Now writing I can do. Speaking, not so much. Here I was, literally still a child afloat a sea of women who were doctors, lawyers, owners of boutiques, savvy corporate-ladder climbing females, AND moms (I wasn’t married then), who spoke a language I didn’t understand.

These women talked recipes and education and breastfeeding and early literacy while debating the finer points of domestic abuse litigation, different parenting philosophies, a woman’s financial security in the 21st century. Just blah blah blah on and on about all the sensible, important issues that any woman today should be concerned about.

And then suddenly, there I was, being asked, “So you play video games for a living?”

Sure enough, only the men in the audience had any interest in what I had to say about the role of women in the video games industry. While I stuttered and sputtered on, mouthing puff like “promoting e-sportsmanship” and “driving multimedia creativity”, the lady who was clearly uninterested, looked like she thought I was out of my mind (or the person who booked me the slot was out of hers).

If not for Lokes, my sweet, supportive then-boyfriend, who’d stood proudly at the sidelines beaming up at me and urging me on, I would probably have just stood there, mortified by the judgment on the faces of the women around me going

Video Games….bad…you…stupid…stupid…useless…girl. 

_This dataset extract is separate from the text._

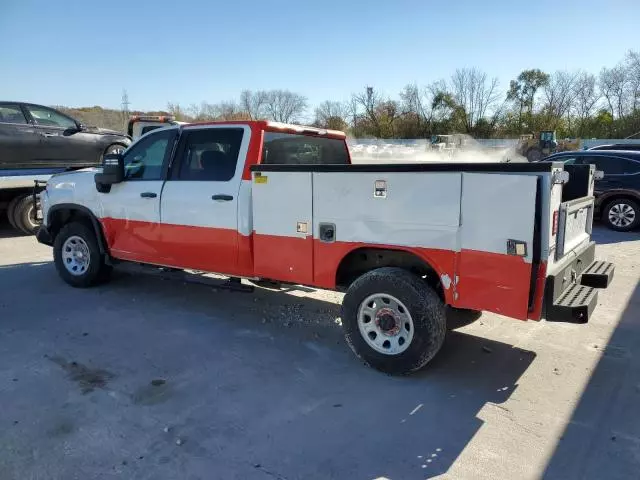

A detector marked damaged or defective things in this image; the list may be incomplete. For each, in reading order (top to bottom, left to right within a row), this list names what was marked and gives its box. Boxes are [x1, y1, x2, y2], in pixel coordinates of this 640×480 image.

cracked asphalt surface [0, 222, 636, 480]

When I was done making a damn fool of myself, I slinked down. As I walked up to Lokes, I mouthed the words, “Shoot me now.” And just as I was contemplating drowning my sorrows in a bucket of Kentucky Fried Chicken, this dude came over and in his hands was a copy of my magazine.

“Jennifer Tai?”

“Hi,” I said weakly, thinking perhaps that he was one of the magazine’s advertisers coming to pull out some of his ads because the pitiful performance he’d just witnessed.

“I love your column. I buy this magazine because it has the most pages on games. Keep up the good work!”

And with that, he pumped my hand up and down a few times, and gave Lokes a cursory nod before walking away.

Being the editor of a video games magazine may not save lives, nor did it make me rich beyond my wildest dreams. Neither was it as noble as being a mother. But a woman who plays video games can be the coolest thing in the world. The only thing that can top that is being a woman who writes about video games.

And the only thing that can top THAT, is being a mom who plays video games and blogs occassionally about them.

With that, I wish all you ladies who are doing it for yourselves a fabulous International Women’s Day 2007 tomorrow.